Vehicles were crushed under tons of snow and ice that collapsed on a highway tunnel.
Twenty people have been confirmed dead and eight remain missing following an avalanche in Tibet that buried multiple vehicles in deep snow and ice on a section of road connected to a highway tunnel.
Images on Chinese state media on Friday showed rescue workers digging with mechanical diggers in deep snow to locate vehicles that were buried when the avalanche hit a road and highway tunnel connecting the city of Nyingchi in Tibet’s southwest with outlying Medog county.
As of Friday, 20 people were reported to have died and eight are still missing, according to the state-run Global Times news outlet. A further 53 people have been rescued so far since the avalanche which took place at about 8pm (12:00 GMT) on Tuesday on a section of road between Pai village in Mainling county and the Doxong La tunnel in Medog county, China’s state-run Xinhua News Agency reported. Five of the survivors were seriously injured, it was reported.
A total of 20 people have been confirmed dead and eight remain missing as of Friday noon after a deadly avalanche took place on Tuesday in the city of Nyingchi in Southwest China’s Xizang (Tibet) Autonomous Region. https://t.co/nxIVs95KDK pic.twitter.com/i7VJY4LEby
— Global Times (@globaltimesnews) January 20, 2023
A local villager told Global Times that most of those traveling on the road at the time of the accident were Tibetan people returning to their hometowns for the Lunar New Year, which starts on Sunday.

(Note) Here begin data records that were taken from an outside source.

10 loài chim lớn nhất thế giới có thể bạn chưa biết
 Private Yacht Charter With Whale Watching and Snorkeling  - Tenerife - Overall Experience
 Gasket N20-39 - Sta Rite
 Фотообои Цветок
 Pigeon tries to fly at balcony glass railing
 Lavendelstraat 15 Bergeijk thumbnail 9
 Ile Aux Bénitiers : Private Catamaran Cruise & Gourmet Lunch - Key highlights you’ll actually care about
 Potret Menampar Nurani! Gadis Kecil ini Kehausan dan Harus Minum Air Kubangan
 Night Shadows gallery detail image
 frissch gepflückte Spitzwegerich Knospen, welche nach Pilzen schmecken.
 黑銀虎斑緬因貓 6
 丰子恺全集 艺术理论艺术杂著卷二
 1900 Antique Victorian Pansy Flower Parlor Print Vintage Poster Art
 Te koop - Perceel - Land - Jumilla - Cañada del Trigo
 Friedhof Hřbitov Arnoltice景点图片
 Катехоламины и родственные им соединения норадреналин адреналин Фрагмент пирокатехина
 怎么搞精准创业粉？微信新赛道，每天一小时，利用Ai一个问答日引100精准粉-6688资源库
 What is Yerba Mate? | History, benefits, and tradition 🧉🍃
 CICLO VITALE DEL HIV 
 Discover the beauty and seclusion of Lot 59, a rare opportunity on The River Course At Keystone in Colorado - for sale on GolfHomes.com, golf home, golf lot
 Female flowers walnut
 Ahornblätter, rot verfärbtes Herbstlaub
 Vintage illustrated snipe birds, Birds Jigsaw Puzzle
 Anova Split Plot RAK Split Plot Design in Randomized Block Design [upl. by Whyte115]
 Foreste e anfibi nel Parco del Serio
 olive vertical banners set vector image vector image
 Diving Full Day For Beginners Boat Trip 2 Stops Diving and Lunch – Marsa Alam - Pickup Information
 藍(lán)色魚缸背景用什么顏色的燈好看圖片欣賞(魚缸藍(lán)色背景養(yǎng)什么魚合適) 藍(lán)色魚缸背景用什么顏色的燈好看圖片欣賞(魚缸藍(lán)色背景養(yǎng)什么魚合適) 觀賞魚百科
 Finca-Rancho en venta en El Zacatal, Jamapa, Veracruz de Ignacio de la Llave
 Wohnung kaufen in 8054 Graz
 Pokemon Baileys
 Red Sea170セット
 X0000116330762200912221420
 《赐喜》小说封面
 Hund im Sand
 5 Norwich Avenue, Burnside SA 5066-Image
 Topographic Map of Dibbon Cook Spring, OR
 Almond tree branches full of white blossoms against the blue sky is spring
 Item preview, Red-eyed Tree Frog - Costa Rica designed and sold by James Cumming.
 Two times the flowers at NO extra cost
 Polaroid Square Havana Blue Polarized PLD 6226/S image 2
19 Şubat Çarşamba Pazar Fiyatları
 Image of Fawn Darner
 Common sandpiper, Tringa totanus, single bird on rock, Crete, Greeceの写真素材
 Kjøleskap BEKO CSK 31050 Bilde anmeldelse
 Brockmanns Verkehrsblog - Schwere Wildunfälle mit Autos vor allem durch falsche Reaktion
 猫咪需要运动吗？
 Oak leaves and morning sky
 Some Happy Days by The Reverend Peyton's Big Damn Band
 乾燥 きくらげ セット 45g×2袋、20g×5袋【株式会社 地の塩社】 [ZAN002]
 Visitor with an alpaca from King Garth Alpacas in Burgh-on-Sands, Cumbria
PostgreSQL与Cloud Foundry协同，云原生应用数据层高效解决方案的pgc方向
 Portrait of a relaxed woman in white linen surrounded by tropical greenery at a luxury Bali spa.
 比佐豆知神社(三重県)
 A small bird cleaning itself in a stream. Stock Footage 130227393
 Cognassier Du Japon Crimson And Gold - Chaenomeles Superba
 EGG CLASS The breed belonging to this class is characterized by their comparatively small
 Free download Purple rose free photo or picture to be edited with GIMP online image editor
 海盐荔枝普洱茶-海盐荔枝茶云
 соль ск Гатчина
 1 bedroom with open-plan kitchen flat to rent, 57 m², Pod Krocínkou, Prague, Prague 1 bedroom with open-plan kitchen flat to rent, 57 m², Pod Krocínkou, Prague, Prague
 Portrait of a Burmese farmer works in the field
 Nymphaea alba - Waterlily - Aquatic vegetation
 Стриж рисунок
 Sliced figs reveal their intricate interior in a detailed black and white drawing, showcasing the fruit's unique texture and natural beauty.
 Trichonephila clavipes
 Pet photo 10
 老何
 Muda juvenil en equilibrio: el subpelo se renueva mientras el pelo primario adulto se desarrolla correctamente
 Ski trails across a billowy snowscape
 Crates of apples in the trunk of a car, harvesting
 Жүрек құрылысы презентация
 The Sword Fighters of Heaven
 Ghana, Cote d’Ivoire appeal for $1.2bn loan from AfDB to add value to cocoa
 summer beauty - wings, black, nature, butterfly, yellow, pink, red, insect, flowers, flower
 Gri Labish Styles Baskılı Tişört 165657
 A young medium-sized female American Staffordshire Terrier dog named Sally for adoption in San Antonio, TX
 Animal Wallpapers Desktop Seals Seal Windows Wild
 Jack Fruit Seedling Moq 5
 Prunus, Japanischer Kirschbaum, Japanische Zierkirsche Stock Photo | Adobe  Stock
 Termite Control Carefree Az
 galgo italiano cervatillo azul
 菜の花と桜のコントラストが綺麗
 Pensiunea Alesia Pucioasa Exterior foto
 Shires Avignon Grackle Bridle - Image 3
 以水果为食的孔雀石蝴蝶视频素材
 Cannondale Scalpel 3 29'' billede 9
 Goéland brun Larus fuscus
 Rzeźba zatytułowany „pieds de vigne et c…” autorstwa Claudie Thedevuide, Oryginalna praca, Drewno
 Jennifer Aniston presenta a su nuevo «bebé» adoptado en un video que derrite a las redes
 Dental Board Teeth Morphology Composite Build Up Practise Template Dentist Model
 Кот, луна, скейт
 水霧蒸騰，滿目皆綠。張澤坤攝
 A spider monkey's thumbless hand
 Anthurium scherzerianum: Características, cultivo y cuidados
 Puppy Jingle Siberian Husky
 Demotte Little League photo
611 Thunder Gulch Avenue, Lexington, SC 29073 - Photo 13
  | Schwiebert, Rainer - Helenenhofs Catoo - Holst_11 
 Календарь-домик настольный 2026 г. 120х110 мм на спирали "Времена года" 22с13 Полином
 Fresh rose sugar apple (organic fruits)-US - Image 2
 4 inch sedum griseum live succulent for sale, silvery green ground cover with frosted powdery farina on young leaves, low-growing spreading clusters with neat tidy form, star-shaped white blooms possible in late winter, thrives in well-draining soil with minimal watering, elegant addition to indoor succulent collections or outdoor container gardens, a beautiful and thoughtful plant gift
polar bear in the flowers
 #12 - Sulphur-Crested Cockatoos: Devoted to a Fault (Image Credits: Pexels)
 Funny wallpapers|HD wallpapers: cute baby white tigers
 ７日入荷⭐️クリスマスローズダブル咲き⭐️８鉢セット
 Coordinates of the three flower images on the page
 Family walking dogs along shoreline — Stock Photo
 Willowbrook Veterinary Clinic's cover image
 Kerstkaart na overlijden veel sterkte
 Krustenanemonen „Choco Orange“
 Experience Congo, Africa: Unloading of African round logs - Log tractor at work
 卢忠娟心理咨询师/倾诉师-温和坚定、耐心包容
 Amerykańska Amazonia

Rescue workers reported that vehicles were crushed under the weight of tons of snow and ice that collapsed at the mouth of the tunnel, trapping drivers in their vehicles.
Nyingchi lies at an elevation of about 3,040 meters (9,974 feet) and is located about five hours’ drive from the regional capital, Lhasa, along a highway opened in 2018. Night-time temperatures during winter routinely drop to well below freezing.
Chinese authorities say some 1,000 rescue workers and dozens of emergency vehicles have been deployed to the site of the disaster.
“The snow was so deep it was as high as people’s waist, and the road is very slippery. Many rescue workers stumbled all the way there,” a local health center employee said, according to Global Times.
Avalanches are not uncommon in the Himalayas. Last October, at least 26 people died when a mountaineering expedition was caught in an avalanche on Mount Draupadi ka Danda-II in India’s northern state of Uttarakhand.